I’ve never removed a comment on this blog, even in fairly extreme situations. There are many reasons, including a general dislike of censorship and the notion that once I start policing content I become responsible for that which remains. There are also some purely practical concerns related to the near impossibility of such moderation actually being helpful. As the most active moderator on a forum through nearly a million contentious posts, I learned a few lessons that also apply to blogs.

  • Whipping out the moderator hat with no prior attempts to persuade or warn people only convinces them that you’re more interested in directing than in participating.
  • If moderation is necessary, it’s better to moderate an entire line of discussion instead of trying to make and enforce hard-to-defend distinctions between one comment and another. Everybody – participants and observers alike – has their own idea who initiated a thread’s decline. People’s annoyance at being “caught in the net” is nothing compared to their anger at being singled out.
  • Deleting comments is a bad idea. Often, a comment will contain both a good part and a bad part. At best, deleting both leaves the remainder of the conversation disconnected and nonsensical. At worst, it also tells people that the effort they put into the good part means nothing to you. Close comments, mark bad ones, but don’t delete.

Unfortunately, in the thread elsewhere that inspired my own recent post about standards, Herb Sutter managed to make every one of these mistakes. I’m not saying that he was unjustified in taking action; it’s his blog, he wants traffic, and I for one had stopped visiting that thread because I got tired of being called a “freetard” and such by some of the other participants. What I’m saying is that the action he took was ill considered and poorly executed. For example, I can see that one comment, which was 95% serious commentary with one rude remark, was removed in toto; the “tinfoil hat” insult to which that one remark was a response was allowed to stand. How this fits Herb’s desire for “respectful disagreement” is a mystery, and it’s hard to escape the conclusion that the “moderator” was reacting to what was said rather than how. Whether intentionally or not, he has done less to improve the tone of the discussion than to influence its direction.

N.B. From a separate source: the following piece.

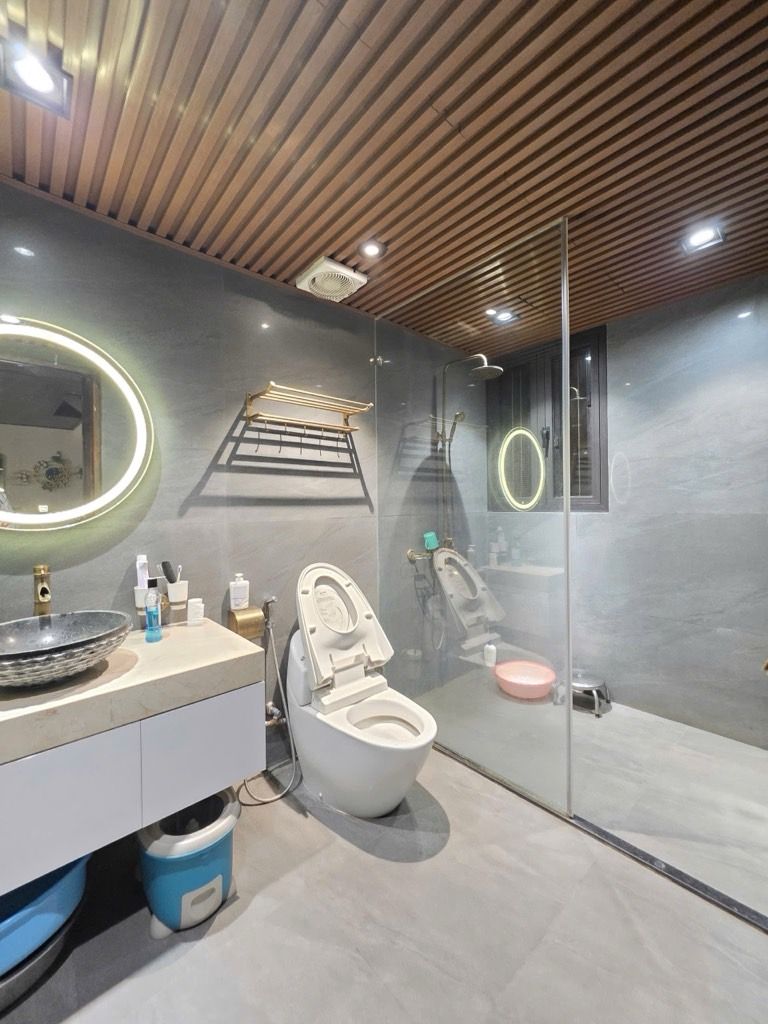 Bán nhà Trường Chinh - diện tích 154m2 9 tầng - 2 mặt phố - giá 122 tỷ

That such authoriarian and inconsistent actions were taken in the context of a thread about standards and openness is particularly telling. For too many people, those terms are just marketing hooks and not sincerely held principles. We already have “greenwashing” for the same phenomenon as it applies to ecological concerns. We need a similar term for people who talk the inclusive talk but don’t walk the walk. It’s a shame really, because I think that overall Herb is a good guy who brings great value to the techie blogosphere, but in this particular instance he seems to have taken a stance against responsible blogging.